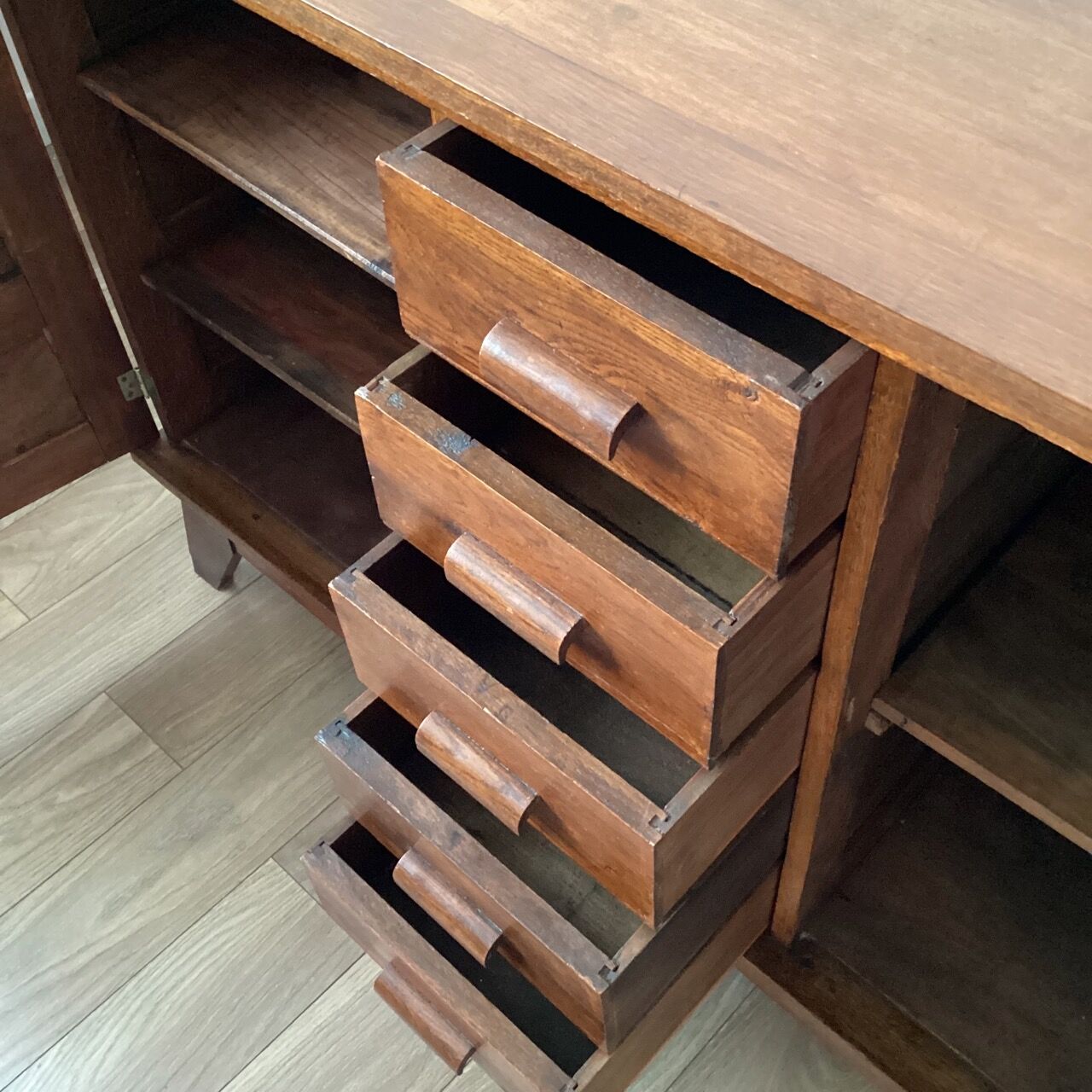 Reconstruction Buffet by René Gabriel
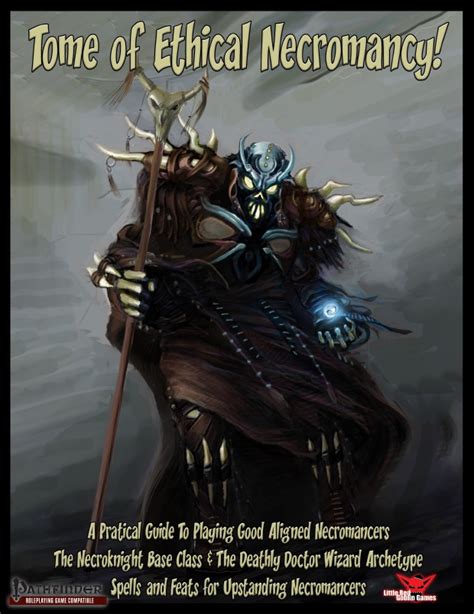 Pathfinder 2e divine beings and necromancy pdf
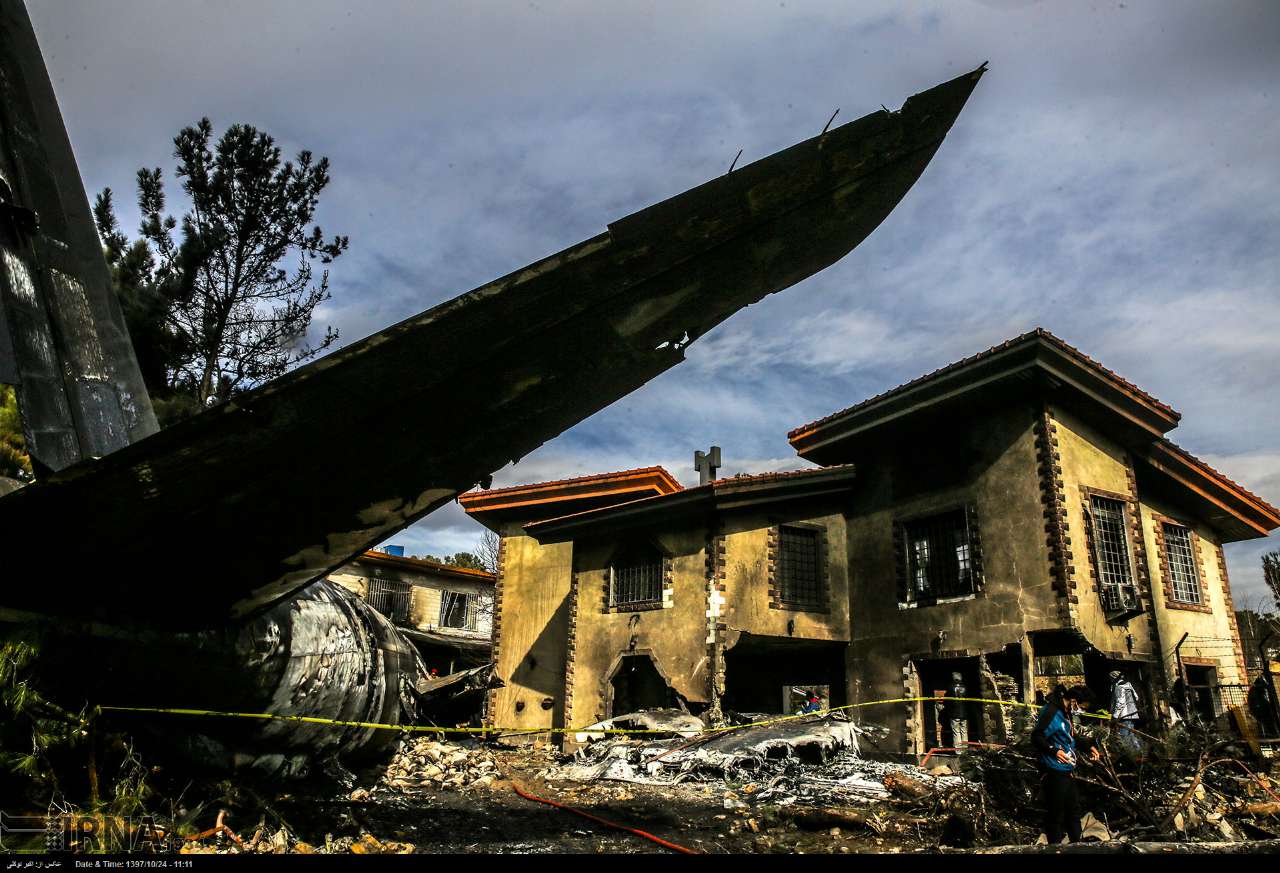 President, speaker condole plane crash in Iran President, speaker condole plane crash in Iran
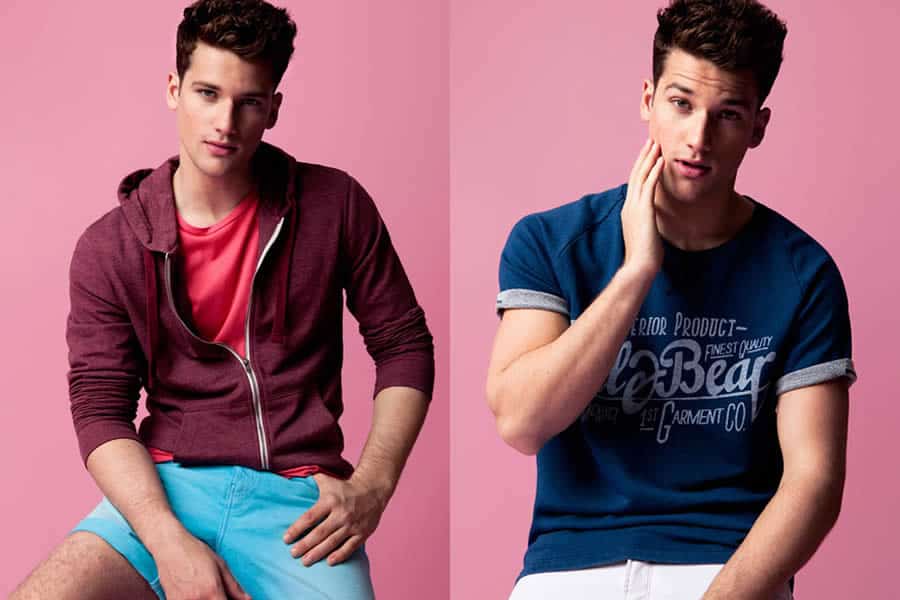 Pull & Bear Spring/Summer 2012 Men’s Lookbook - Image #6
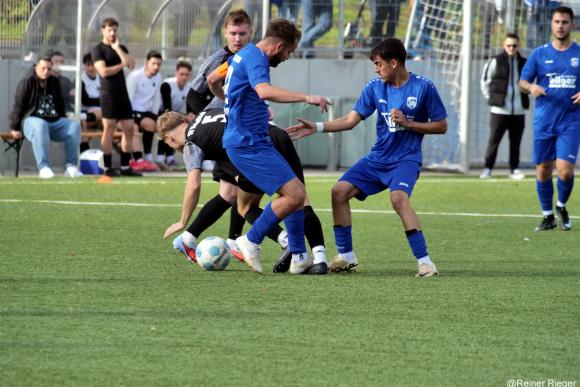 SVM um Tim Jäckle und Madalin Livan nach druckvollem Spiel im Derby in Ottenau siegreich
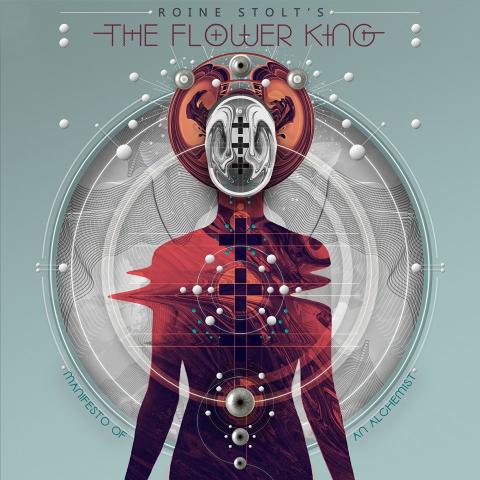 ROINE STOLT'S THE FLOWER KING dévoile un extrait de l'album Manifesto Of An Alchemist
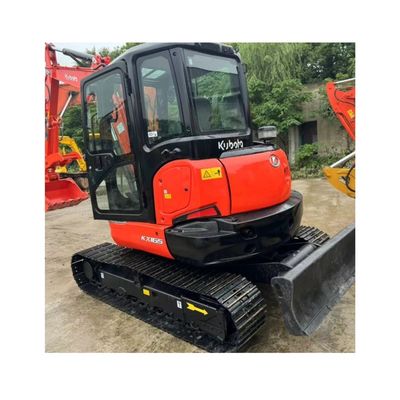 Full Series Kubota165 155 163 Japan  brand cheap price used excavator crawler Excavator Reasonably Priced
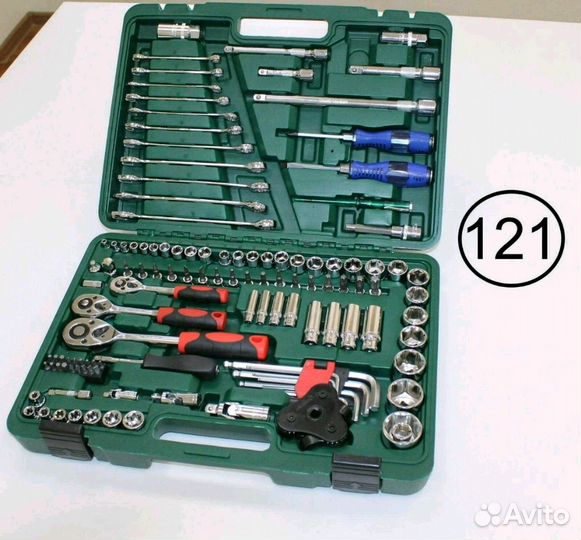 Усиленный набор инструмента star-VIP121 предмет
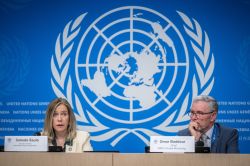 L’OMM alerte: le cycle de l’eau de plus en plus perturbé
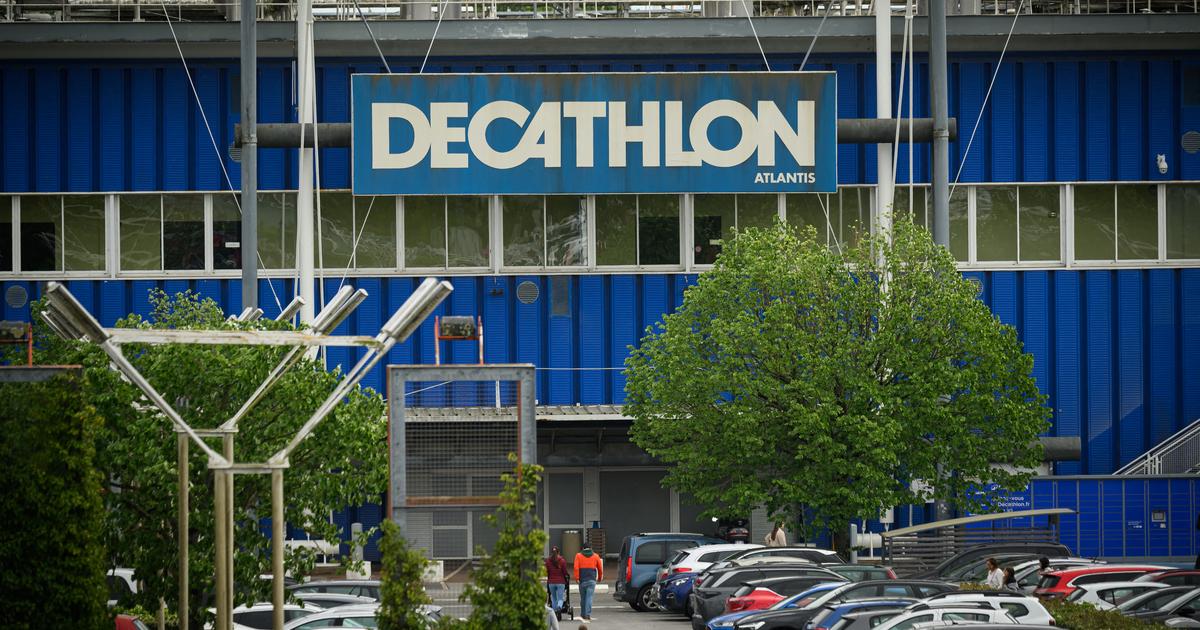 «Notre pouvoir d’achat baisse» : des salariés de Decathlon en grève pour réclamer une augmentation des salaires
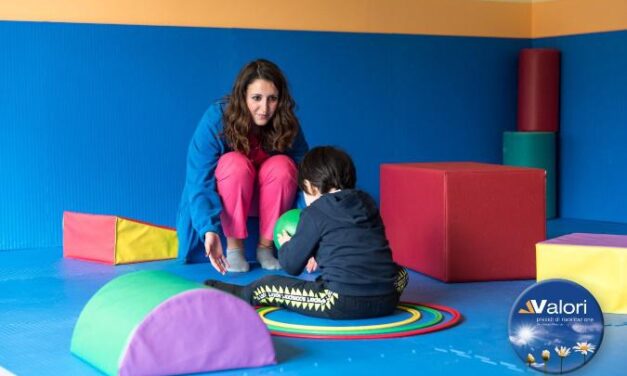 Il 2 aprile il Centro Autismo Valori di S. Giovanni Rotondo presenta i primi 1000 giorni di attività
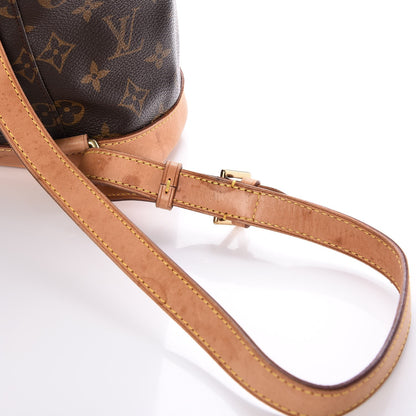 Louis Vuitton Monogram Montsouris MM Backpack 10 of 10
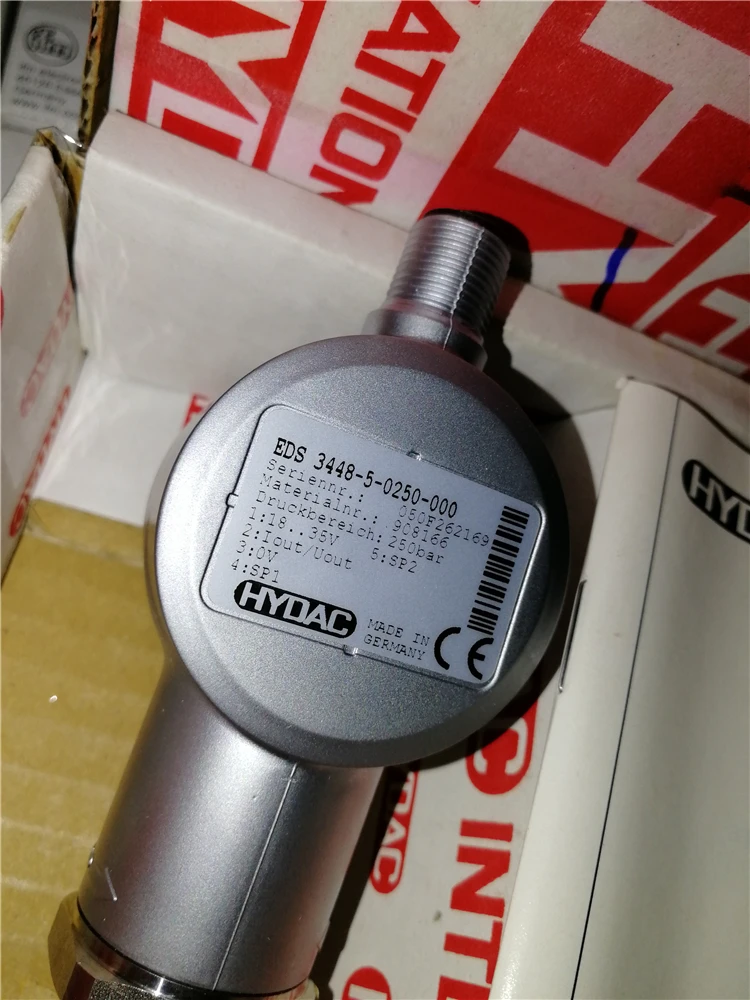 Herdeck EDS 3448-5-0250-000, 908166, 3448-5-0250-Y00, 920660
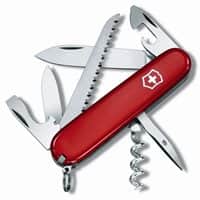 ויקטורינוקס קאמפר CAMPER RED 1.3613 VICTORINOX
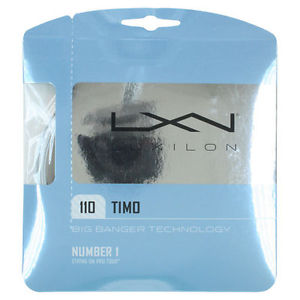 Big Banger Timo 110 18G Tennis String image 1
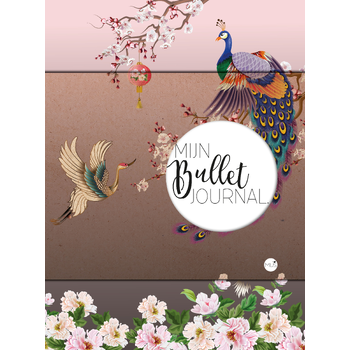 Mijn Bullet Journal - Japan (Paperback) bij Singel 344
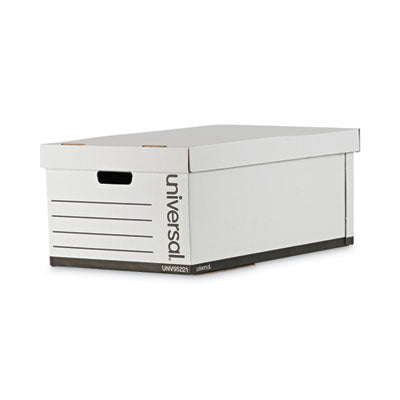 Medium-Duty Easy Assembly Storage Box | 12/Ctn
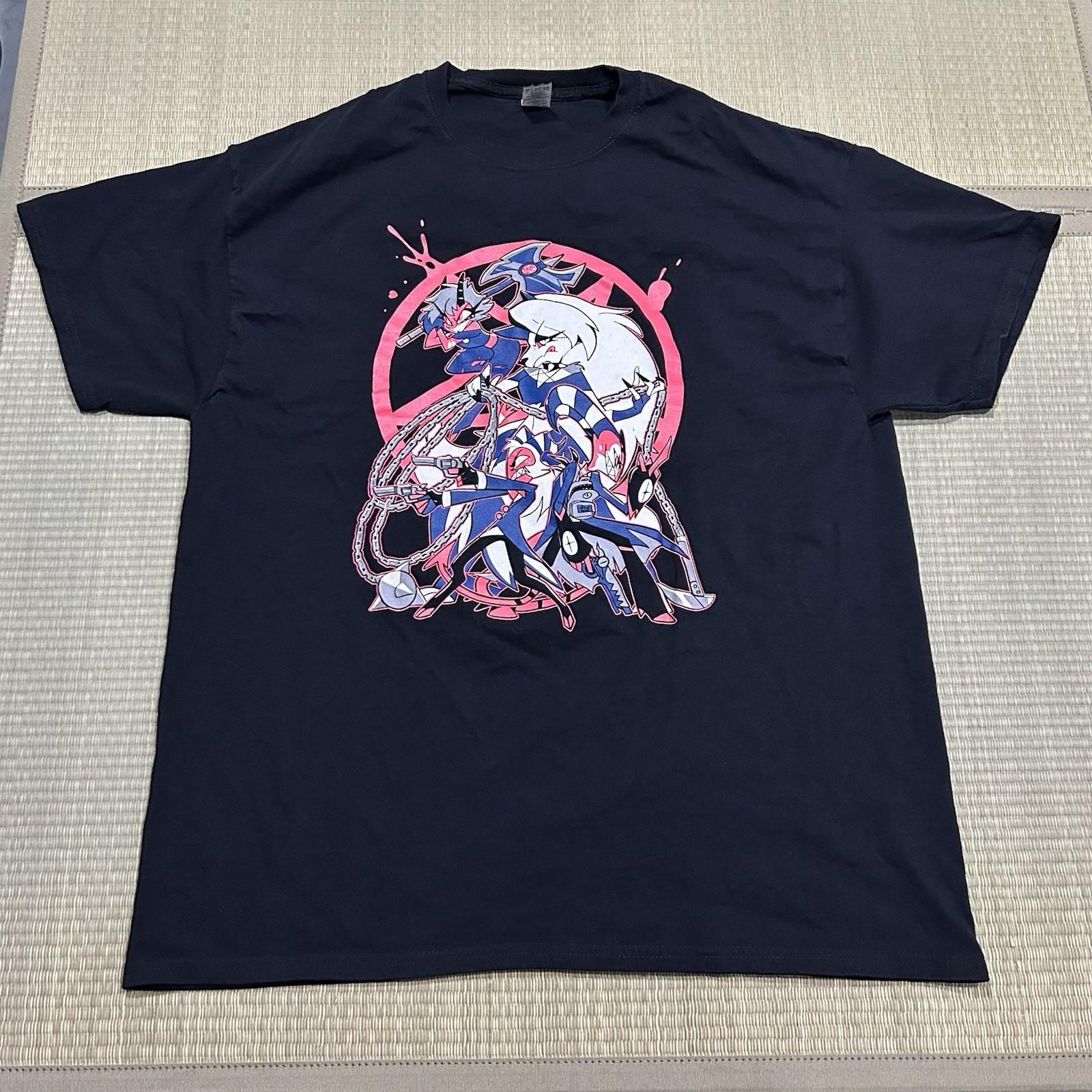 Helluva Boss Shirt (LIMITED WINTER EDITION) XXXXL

- - - - -

DIRECTIONS: Please repeat exactly the lines from the one containing "Mijn Bullet Journal" through the last line of the records, both included, and leave out the pictures.

REPLY:
 Mijn Bullet Journal - Japan (Paperback) bij Singel 344
 Medium-Duty Easy Assembly Storage Box | 12/Ctn
 Helluva Boss Shirt (LIMITED WINTER EDITION) XXXXL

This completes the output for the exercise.